**What this task involves:** Restrict the output to the lines below starting at the one that contains "Road 3 - Corbis Online ></a>" and ending at the one that contains "une machine bleue", and restate them word for word, both ends included.

Dataset items:
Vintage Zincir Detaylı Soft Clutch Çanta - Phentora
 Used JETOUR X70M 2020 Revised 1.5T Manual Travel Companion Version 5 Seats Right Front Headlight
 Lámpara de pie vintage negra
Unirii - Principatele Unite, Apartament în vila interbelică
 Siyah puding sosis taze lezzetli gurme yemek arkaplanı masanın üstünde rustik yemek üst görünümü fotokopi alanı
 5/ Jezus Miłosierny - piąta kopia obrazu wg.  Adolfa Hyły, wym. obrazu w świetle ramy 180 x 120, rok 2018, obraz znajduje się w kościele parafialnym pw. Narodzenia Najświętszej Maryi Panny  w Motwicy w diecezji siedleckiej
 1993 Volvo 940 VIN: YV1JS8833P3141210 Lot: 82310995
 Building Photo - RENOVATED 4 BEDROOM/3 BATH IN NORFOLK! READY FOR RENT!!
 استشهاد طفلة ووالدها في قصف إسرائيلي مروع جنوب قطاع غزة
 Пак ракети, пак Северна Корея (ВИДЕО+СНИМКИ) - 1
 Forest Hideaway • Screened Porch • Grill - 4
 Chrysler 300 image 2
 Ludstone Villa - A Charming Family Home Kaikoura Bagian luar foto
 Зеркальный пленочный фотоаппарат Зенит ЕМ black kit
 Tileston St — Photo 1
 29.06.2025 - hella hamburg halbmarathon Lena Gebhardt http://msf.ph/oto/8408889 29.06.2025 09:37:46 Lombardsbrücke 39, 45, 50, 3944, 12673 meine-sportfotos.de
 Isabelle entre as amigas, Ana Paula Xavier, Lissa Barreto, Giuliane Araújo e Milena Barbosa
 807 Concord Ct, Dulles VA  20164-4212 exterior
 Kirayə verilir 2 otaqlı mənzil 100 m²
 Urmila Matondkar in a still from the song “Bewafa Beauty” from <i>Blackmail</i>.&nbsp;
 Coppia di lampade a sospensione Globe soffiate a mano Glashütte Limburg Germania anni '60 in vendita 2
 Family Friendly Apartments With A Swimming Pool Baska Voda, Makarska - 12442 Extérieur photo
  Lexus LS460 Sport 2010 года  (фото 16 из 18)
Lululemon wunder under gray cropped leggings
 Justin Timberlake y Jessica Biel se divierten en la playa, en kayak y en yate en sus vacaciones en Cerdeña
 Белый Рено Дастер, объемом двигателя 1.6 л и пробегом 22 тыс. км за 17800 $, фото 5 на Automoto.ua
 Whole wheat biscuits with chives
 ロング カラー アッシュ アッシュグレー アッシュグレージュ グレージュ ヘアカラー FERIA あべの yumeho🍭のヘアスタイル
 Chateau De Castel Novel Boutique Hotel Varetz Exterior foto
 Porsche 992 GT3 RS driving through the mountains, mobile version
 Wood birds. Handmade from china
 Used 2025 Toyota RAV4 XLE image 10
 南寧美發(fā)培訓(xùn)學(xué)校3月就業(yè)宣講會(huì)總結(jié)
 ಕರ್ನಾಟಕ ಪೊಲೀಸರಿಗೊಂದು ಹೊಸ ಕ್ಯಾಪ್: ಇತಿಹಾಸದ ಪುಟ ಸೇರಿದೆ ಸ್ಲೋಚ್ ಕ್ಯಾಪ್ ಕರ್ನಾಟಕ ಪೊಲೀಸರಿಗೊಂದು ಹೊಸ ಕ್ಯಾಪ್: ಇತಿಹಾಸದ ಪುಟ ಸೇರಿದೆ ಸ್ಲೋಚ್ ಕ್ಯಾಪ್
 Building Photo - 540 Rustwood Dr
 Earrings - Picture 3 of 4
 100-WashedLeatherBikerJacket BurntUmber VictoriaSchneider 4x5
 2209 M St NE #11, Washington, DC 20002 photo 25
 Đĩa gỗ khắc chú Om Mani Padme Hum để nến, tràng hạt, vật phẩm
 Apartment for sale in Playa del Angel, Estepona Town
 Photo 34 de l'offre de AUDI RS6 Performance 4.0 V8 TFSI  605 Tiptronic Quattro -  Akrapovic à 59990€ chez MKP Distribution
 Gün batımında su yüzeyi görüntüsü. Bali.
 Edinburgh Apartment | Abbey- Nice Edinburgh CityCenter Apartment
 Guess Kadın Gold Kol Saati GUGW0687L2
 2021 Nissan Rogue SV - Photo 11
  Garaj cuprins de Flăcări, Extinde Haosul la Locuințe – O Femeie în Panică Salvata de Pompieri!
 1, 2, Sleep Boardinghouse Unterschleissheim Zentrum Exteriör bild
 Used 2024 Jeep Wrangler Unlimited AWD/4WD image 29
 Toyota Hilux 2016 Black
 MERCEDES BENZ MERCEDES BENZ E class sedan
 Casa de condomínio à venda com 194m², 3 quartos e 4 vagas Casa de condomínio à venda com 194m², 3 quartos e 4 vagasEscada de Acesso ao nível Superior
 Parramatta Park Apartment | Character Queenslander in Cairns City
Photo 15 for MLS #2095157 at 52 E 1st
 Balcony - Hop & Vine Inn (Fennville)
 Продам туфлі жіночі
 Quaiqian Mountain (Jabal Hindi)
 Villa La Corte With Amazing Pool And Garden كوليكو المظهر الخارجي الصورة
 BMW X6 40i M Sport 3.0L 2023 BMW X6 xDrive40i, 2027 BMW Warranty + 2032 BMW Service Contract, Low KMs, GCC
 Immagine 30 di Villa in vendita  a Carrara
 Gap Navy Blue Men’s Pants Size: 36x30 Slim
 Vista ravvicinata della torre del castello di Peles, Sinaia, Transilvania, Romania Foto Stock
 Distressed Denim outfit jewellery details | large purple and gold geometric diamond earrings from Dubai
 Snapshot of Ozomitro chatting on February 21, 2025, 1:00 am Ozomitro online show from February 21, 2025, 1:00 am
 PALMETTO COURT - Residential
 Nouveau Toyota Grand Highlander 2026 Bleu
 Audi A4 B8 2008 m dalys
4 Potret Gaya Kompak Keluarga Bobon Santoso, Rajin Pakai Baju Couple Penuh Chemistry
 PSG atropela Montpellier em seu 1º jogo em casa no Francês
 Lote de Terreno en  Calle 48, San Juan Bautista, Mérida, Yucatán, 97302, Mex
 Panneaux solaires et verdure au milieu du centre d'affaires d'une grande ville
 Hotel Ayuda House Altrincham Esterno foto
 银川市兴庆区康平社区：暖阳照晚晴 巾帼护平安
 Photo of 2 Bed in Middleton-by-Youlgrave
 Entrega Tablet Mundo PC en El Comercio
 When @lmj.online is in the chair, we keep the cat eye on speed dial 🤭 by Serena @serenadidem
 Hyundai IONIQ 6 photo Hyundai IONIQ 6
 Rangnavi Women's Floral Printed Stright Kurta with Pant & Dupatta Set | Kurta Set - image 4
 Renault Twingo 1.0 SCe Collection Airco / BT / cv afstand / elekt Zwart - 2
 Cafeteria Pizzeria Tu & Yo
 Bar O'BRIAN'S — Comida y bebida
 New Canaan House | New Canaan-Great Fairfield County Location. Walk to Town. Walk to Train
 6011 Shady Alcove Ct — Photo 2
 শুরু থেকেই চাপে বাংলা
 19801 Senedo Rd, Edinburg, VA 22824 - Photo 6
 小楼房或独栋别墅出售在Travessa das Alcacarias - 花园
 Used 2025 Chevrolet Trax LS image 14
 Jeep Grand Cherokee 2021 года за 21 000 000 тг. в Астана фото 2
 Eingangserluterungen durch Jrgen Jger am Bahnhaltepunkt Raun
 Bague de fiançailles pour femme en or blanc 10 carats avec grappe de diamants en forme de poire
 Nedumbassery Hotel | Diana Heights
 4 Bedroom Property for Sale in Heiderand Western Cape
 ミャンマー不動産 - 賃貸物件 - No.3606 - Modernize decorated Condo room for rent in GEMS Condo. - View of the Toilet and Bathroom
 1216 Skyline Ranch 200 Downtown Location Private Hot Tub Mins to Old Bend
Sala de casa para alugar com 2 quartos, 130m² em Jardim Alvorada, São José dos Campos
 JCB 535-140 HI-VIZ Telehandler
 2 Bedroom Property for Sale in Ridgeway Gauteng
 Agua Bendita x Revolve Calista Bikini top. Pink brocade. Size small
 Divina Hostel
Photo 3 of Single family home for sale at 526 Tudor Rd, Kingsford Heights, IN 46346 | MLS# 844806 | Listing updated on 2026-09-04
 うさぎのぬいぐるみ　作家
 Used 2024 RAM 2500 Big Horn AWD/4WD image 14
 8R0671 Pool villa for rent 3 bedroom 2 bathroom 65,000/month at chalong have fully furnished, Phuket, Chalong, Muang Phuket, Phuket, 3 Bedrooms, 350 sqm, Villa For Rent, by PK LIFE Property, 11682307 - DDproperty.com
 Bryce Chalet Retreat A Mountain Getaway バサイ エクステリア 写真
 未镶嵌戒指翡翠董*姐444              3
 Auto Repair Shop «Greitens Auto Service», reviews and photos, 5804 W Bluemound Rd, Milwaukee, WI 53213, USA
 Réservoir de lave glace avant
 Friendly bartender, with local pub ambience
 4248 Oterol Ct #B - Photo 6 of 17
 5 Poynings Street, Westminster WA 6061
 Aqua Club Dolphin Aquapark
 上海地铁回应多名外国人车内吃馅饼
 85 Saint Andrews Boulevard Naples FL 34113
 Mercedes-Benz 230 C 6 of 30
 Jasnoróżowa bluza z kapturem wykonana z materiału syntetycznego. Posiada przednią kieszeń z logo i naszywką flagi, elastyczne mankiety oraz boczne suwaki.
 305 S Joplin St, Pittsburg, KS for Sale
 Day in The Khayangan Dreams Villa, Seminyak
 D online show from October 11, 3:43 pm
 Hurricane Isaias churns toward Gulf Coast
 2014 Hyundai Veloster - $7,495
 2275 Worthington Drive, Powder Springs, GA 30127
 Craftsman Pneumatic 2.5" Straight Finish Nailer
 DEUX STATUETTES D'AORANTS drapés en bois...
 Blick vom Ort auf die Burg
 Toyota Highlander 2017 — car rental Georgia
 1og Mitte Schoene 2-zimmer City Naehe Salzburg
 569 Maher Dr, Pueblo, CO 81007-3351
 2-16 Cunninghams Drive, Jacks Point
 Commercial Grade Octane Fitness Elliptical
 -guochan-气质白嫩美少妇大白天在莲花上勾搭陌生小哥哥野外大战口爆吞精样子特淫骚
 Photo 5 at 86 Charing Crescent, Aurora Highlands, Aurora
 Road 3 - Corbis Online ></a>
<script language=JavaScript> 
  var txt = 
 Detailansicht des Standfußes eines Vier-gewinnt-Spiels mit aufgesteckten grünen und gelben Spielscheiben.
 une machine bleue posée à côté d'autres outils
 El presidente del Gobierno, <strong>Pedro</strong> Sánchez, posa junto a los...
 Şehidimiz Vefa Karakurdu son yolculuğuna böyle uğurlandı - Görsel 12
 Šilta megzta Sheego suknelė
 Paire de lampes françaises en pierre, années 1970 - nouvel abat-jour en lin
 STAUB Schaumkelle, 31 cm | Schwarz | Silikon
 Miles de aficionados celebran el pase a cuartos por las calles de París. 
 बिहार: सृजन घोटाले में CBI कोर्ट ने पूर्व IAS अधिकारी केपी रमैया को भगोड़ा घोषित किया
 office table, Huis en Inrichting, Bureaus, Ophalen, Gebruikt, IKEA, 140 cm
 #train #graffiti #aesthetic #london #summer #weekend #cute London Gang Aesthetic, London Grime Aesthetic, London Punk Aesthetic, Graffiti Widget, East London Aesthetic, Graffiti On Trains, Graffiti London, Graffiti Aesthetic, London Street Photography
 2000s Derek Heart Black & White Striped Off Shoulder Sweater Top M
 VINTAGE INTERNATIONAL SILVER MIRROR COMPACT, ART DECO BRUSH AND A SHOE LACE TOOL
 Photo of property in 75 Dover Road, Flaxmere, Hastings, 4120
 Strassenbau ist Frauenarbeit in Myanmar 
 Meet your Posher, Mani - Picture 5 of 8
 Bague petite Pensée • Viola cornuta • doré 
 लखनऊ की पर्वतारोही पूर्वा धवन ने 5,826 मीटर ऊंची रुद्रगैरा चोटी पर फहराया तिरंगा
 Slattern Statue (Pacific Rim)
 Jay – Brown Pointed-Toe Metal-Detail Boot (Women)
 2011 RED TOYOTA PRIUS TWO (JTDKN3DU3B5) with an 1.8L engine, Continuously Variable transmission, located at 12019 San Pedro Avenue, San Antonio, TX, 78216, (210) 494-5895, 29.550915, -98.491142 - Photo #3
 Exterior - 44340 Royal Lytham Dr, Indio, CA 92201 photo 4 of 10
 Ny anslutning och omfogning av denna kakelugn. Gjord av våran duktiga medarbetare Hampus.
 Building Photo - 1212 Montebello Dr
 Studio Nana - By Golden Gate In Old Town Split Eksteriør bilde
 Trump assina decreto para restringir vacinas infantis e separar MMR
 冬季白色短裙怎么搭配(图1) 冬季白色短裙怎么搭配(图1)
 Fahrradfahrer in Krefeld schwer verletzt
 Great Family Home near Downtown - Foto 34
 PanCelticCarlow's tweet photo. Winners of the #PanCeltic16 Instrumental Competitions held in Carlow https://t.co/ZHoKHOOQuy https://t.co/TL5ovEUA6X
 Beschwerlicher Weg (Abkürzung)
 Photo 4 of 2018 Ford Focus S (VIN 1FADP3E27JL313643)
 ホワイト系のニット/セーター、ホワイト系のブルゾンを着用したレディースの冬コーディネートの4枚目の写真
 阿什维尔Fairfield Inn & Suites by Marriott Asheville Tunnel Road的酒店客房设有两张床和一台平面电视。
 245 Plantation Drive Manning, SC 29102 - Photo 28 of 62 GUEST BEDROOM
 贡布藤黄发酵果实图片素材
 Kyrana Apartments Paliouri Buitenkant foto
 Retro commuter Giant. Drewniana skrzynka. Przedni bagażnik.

**Answer to this exercise:**
 Road 3 - Corbis Online ></a>
<script language=JavaScript> 
  var txt = 
 Detailansicht des Standfußes eines Vier-gewinnt-Spiels mit aufgesteckten grünen und gelben Spielscheiben.
 une machine bleue posée à côté d'autres outils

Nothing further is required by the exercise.